52 int n; cin >> n; vector<long double> a(n), b(n), cst(n);
53 for(int i=0;i<n;++i) cin >> a[i] >> b[i] >> cst[i];
54 Point c; cin >> c.x >> c.y; // objective: maximize c·x
55
56 vector<HalfPlane> hp; hp.reserve(n+4);
57 for(int i=0;i<n;++i) hp.push_back(HalfPlane::from_le(a[i], b[i], cst[i]));
58
59 // If the intersection may be unbounded, add a large bounding box (tunable parameter):
60 long double B = 1e6; // adjust based on problem scale
61 hp.push_back(HalfPlane::from_le( 1, 0, B));
62 hp.push_back(HalfPlane::from_le(-1, 0, B));
63 hp.push_back(HalfPlane::from_le( 0, 1, B));
64 hp.push_back(HalfPlane::from_le( 0,-1, B));
65
66 vector<Point> poly;
67 if(!HPI(hp, poly)){
68 cout << "Infeasible or numerically degenerate\n"; return 0;
69 }
70
71 // Maximize c·x over convex polygon: best at a vertex
72 long double best = -numeric_limits<long double>::infinity();
73 Point arg; for(const auto& p: poly){ long double val = dot(c, p); if(val > best){ best = val; arg = p; } }
74
75 cout.setf(std::ios::fixed); cout<<setprecision(10);
76 cout << "opt_value " << best << "\n";
77 cout << "argmax " << arg.x << " " << arg.y << "\n";
78 return 0;
79}
80

This code solves a 2D linear program by converting all constraints Ax ≤ b into half-planes and intersecting them.
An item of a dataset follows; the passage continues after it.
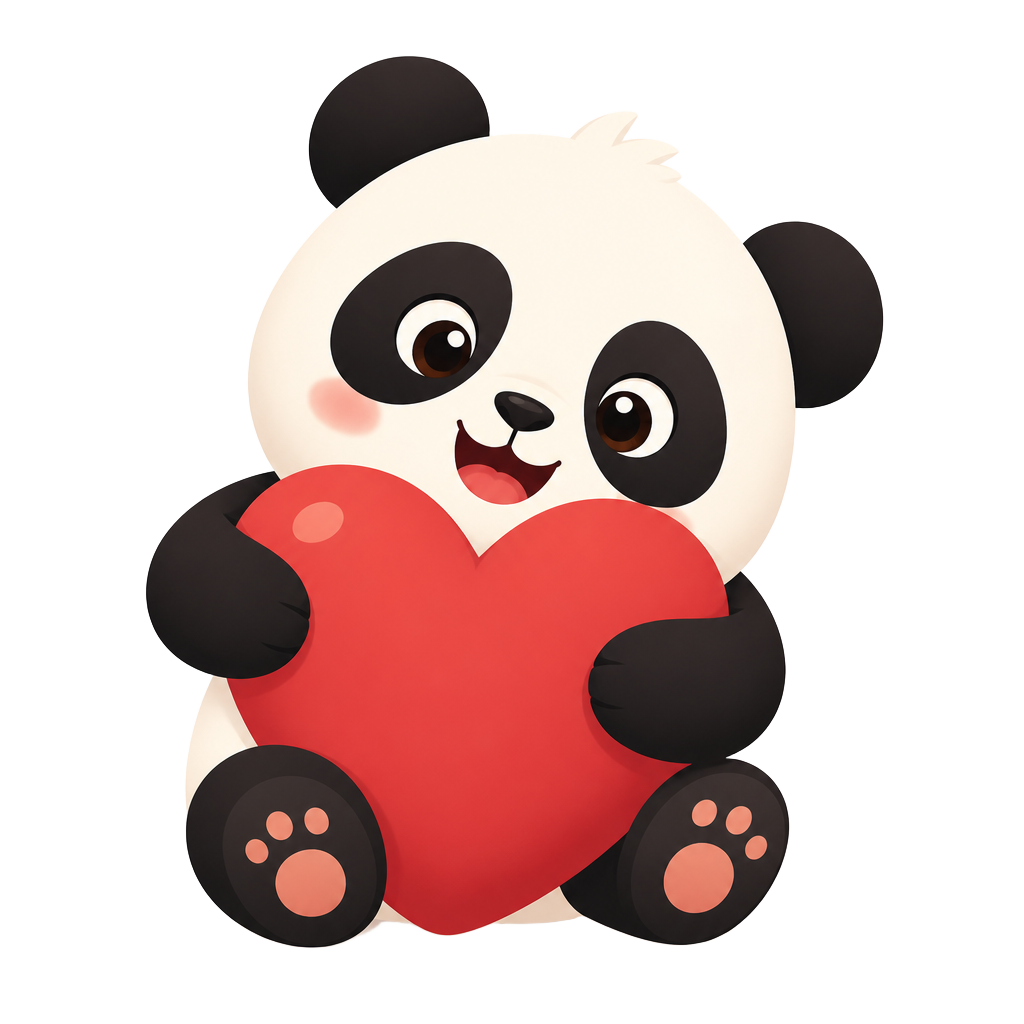 Food Terrace panda mascot — love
To guarantee a bounded feasible region, it adds a large bounding box (common in practice if constraints don’t bound all directions). The optimal value of c·x over a convex polygon is attained at a vertex, so we simply scan all polygon vertices and pick the maximum.

Time: O((n+4) log (n+4)) for HPI; selecting the best vertex is O(k) where k ≤ n.Space: O(n) for constraints, deque, and polygon vertices.